Starting at the line that contains "Bloem plant in beton asfalt Pixabay", output each line exactly as written through the end of the listing below, but leave out the pictures.

Given data

============================================================

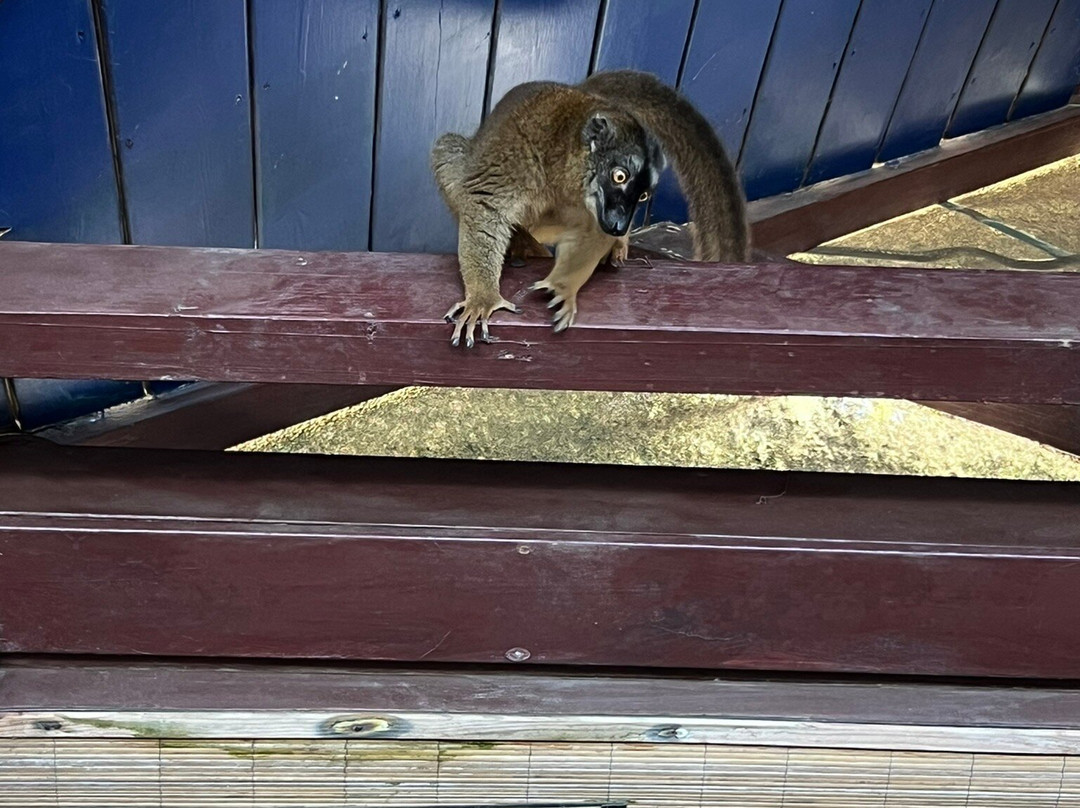 Le Jardin Maore-Kanikeli必去景点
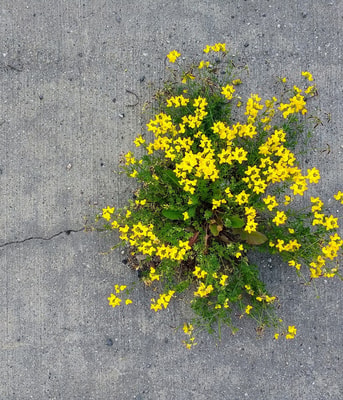 Bloem plant in beton asfalt Pixabay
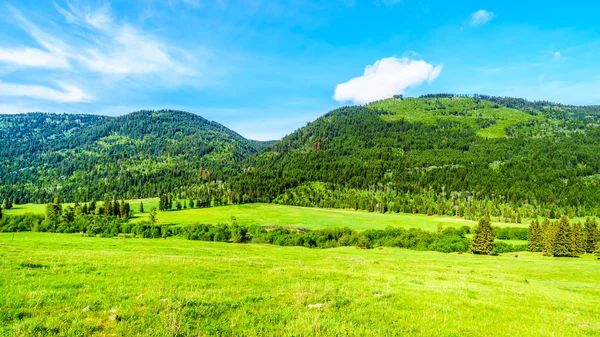 Farm fields surrounded by the Coastal Mountains along Highway 5A, the Kamloops-Princeton Highway, between the towns of Merritt and Princeton in British Columbia, Canada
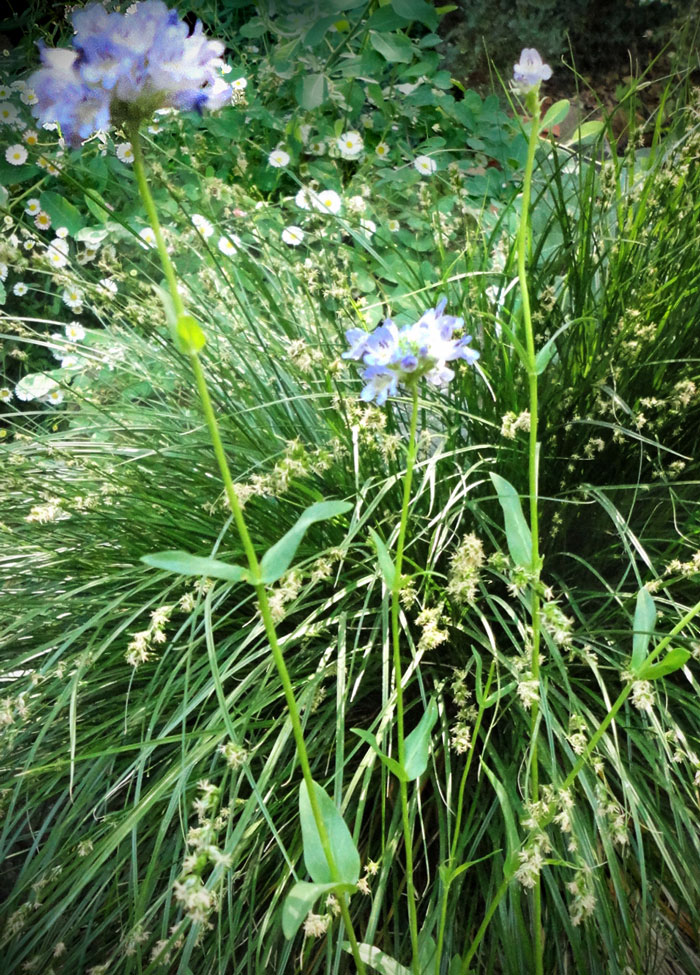 berkeley sedge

============================================================

Answer to the exercise
 Bloem plant in beton asfalt Pixabay
 Farm fields surrounded by the Coastal Mountains along Highway 5A, the Kamloops-Princeton Highway, between the towns of Merritt and Princeton in British Columbia, Canada
 berkeley sedge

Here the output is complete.